Alguns autores preconizam pulsoterapia com metilprednisolona 1 g/3 dias em pacientes com perda de função renal e com mais de 30% de crescentes na biópsia renal.

 

PRESCRIÇÃO

Prescrição

Comentário

Dieta hipossódica com restrição hídrica de 800 a 1.000 mL/dia (em adulto)

A principal complicação destes pacientes é o edema por retenção de sódio e água, portanto, a restrição de sódio e água é necessária.

Furosemida 20 mg EV a cada 12 horas

A furosemida pode ajudar a controlar o edema.

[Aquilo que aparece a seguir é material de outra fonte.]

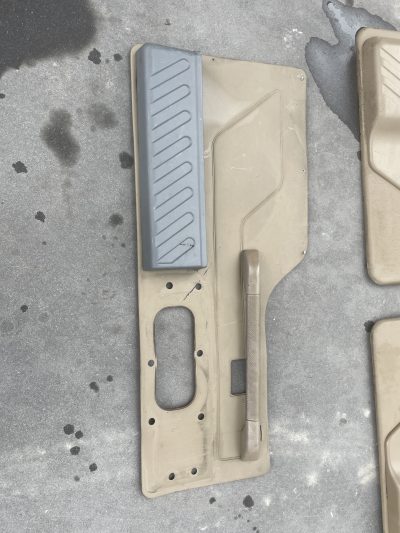 Discovery 1 I 300 – Forra Tampa Mala Bege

A dose inicial não deve ultrapassar 40 mg, em média 1 mg/kg.

Captopril 6,25 mg VO a cada 8 horas

Usado para ajudar no controle dos níveis pressóricos, também pode ajudar a diminuir a proteinúria. Não é necessário se paciente não está hipertenso. Início usualmente em doses baixas para não diminuir significativamente a taxa de filtração glomerular.

Em casos de exceção:

 

Metilprednisolona 1 g EV, diluído em 250 a 500 mL de salina fisiológica por 3 dias

Sem benefício claro em estudos. Alguns autores advogam seu uso em pacientes com alteração de função renal e mais de 30% de crescentes na biópsia renal.